--- TASK TO COMPLETE ---
Within the records, find every line that includes the word "Page" and copy it.
*** Opening of RECORDED DATA ***
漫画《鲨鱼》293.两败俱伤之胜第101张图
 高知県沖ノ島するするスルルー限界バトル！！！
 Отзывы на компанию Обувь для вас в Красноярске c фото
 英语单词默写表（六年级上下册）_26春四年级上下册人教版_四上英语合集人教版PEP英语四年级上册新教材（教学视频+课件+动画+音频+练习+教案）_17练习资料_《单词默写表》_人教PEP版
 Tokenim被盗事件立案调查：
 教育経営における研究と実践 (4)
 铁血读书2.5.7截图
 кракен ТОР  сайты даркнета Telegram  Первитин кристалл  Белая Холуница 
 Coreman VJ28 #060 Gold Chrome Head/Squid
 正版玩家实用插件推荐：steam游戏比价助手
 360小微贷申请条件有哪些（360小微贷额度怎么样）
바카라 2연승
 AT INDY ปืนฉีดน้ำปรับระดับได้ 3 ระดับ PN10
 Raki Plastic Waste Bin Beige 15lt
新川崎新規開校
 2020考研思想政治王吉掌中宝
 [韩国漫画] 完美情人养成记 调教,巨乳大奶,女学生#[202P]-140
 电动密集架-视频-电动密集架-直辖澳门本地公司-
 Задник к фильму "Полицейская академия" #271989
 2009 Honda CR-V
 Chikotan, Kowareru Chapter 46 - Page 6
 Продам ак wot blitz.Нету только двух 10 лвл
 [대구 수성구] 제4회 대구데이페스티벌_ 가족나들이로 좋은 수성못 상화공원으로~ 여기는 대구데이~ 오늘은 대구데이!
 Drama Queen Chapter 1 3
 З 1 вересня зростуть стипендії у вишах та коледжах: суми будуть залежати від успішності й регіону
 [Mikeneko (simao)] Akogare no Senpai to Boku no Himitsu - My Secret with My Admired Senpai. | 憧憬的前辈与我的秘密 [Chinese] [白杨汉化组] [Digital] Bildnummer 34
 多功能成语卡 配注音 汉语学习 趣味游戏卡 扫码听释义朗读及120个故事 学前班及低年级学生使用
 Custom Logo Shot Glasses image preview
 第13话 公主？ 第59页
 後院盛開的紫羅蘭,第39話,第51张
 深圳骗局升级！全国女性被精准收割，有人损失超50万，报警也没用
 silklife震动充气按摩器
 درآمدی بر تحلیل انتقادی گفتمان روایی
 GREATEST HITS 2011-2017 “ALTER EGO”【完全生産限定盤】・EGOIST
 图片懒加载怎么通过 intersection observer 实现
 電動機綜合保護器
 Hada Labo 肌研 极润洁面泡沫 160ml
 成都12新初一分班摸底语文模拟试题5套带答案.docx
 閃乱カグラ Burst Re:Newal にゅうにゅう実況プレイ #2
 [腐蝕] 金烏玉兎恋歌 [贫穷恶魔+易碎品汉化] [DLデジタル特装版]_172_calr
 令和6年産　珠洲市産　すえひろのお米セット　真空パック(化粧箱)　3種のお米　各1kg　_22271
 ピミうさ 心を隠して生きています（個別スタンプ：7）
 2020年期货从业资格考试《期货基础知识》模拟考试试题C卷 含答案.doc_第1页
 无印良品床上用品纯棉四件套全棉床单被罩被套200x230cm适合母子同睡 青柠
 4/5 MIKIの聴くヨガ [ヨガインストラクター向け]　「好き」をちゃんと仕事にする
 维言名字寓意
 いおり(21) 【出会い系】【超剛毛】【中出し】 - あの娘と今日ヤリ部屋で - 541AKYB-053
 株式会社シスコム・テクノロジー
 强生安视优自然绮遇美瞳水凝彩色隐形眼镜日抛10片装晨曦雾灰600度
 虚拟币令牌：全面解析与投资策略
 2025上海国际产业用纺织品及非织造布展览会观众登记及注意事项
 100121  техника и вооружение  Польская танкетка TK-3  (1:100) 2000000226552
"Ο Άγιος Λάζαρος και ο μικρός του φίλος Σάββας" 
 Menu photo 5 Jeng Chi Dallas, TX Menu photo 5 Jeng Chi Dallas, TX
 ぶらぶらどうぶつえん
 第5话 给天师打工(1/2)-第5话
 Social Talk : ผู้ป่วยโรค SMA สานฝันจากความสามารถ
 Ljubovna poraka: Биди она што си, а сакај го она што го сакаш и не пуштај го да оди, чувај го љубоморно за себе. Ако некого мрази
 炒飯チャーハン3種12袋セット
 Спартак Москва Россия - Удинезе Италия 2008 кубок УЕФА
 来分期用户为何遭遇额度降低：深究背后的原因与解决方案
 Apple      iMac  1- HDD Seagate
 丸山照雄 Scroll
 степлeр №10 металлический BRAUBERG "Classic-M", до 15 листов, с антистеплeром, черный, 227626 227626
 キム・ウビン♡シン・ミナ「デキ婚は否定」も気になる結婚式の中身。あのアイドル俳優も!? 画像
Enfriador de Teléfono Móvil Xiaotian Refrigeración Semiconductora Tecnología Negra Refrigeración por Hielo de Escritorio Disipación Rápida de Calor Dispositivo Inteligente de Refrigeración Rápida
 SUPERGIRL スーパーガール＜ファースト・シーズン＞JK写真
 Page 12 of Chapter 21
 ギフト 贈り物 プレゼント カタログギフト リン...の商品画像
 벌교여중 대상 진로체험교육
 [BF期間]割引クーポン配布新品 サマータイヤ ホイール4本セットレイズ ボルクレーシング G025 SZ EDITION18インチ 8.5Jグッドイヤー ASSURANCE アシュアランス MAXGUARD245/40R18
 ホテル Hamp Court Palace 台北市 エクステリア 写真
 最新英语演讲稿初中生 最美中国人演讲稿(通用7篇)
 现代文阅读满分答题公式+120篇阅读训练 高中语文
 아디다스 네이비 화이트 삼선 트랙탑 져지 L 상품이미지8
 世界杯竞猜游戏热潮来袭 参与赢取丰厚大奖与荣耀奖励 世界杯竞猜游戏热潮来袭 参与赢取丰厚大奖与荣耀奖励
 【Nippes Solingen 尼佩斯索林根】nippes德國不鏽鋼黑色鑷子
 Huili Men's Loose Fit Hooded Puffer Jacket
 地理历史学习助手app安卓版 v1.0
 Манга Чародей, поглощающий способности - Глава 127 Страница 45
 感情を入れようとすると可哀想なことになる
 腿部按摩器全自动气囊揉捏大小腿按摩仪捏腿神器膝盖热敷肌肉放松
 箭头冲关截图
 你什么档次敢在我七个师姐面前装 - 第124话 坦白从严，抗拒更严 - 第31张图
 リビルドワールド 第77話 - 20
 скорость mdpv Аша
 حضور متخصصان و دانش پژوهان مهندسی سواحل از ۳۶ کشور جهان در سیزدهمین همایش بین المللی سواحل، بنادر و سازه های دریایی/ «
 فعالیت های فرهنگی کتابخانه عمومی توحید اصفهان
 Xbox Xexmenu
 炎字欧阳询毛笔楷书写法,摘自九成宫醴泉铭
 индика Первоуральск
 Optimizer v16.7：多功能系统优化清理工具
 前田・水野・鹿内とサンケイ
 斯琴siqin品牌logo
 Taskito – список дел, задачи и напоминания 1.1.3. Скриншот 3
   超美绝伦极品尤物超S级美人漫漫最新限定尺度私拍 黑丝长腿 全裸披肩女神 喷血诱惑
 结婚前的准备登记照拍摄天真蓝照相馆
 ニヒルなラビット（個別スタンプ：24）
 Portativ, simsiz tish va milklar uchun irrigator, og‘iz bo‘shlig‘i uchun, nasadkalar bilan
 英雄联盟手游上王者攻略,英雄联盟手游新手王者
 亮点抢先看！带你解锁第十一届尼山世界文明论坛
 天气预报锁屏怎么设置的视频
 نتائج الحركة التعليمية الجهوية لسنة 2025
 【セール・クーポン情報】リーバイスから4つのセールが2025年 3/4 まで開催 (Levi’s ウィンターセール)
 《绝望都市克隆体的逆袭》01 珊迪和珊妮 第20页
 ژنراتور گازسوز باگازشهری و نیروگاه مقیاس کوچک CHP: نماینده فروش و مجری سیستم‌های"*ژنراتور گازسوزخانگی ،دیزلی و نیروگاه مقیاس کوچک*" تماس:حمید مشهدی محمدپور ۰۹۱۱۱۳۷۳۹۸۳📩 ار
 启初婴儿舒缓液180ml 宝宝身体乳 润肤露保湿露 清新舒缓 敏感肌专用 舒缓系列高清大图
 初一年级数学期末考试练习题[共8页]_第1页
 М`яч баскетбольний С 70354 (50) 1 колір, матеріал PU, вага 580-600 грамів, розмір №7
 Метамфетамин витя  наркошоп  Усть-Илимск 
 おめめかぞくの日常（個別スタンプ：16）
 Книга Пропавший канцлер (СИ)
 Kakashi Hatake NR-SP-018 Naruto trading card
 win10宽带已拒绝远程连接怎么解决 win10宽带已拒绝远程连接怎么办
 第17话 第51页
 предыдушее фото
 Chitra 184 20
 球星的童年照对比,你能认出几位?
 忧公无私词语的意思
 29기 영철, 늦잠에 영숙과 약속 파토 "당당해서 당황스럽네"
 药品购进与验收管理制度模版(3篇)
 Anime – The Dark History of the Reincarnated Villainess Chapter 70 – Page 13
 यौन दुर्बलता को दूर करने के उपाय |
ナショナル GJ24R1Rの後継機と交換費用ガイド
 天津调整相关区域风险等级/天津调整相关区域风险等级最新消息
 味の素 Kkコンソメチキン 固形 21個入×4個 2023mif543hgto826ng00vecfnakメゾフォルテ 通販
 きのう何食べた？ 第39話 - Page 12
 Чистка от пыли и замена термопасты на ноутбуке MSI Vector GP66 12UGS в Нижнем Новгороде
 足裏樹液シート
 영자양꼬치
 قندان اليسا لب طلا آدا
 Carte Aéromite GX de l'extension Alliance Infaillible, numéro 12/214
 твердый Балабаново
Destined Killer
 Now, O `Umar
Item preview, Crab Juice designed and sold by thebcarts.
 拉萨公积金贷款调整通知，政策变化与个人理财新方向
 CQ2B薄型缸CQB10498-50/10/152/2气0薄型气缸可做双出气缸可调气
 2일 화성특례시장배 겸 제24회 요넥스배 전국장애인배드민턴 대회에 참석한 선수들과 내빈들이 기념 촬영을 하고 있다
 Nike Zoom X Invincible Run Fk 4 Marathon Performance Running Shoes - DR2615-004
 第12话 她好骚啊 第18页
*** Close of RECORDED DATA ***
--- EXERCISE RESULT ---
 Chikotan, Kowareru Chapter 46 - Page 6
 Page 12 of Chapter 21
 Anime – The Dark History of the Reincarnated Villainess Chapter 70 – Page 13
 きのう何食べた？ 第39話 - Page 12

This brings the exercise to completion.